**REQUIRED ACTION**: Beginning with the line containing "Beekeeper applying oxalic" and ending with the last line of the records, set down every line exactly.

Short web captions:
● ● ● ●
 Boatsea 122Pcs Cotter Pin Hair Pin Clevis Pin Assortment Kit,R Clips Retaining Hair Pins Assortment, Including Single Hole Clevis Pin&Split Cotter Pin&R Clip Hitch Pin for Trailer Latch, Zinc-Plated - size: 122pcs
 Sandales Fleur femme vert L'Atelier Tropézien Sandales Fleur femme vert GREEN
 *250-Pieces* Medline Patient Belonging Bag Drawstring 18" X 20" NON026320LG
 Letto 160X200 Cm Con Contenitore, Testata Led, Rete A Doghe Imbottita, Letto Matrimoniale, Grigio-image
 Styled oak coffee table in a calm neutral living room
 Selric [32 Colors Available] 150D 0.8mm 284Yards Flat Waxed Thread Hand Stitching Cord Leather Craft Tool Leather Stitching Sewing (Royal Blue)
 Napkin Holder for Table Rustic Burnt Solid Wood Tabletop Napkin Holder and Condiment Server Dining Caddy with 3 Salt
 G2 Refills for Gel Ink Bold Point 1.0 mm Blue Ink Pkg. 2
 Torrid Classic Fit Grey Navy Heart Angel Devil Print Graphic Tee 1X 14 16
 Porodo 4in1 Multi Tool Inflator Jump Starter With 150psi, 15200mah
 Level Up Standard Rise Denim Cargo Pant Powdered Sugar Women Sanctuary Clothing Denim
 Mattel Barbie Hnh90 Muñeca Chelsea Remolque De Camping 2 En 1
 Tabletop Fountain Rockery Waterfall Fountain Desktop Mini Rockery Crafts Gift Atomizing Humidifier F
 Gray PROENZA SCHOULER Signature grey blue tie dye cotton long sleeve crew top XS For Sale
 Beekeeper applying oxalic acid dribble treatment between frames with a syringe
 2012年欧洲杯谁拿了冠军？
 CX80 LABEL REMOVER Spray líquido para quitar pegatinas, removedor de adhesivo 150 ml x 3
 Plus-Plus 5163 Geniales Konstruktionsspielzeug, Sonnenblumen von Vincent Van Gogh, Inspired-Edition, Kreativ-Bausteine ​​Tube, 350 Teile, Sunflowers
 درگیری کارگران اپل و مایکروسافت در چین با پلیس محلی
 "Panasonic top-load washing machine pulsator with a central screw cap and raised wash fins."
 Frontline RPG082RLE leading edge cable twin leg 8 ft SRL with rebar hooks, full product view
● ● ● ●
**RESULT OF THIS TASK**:
 Beekeeper applying oxalic acid dribble treatment between frames with a syringe
 2012年欧洲杯谁拿了冠军？
 CX80 LABEL REMOVER Spray líquido para quitar pegatinas, removedor de adhesivo 150 ml x 3
 Plus-Plus 5163 Geniales Konstruktionsspielzeug, Sonnenblumen von Vincent Van Gogh, Inspired-Edition, Kreativ-Bausteine ​​Tube, 350 Teile, Sunflowers
 درگیری کارگران اپل و مایکروسافت در چین با پلیس محلی
 "Panasonic top-load washing machine pulsator with a central screw cap and raised wash fins."
 Frontline RPG082RLE leading edge cable twin leg 8 ft SRL with rebar hooks, full product view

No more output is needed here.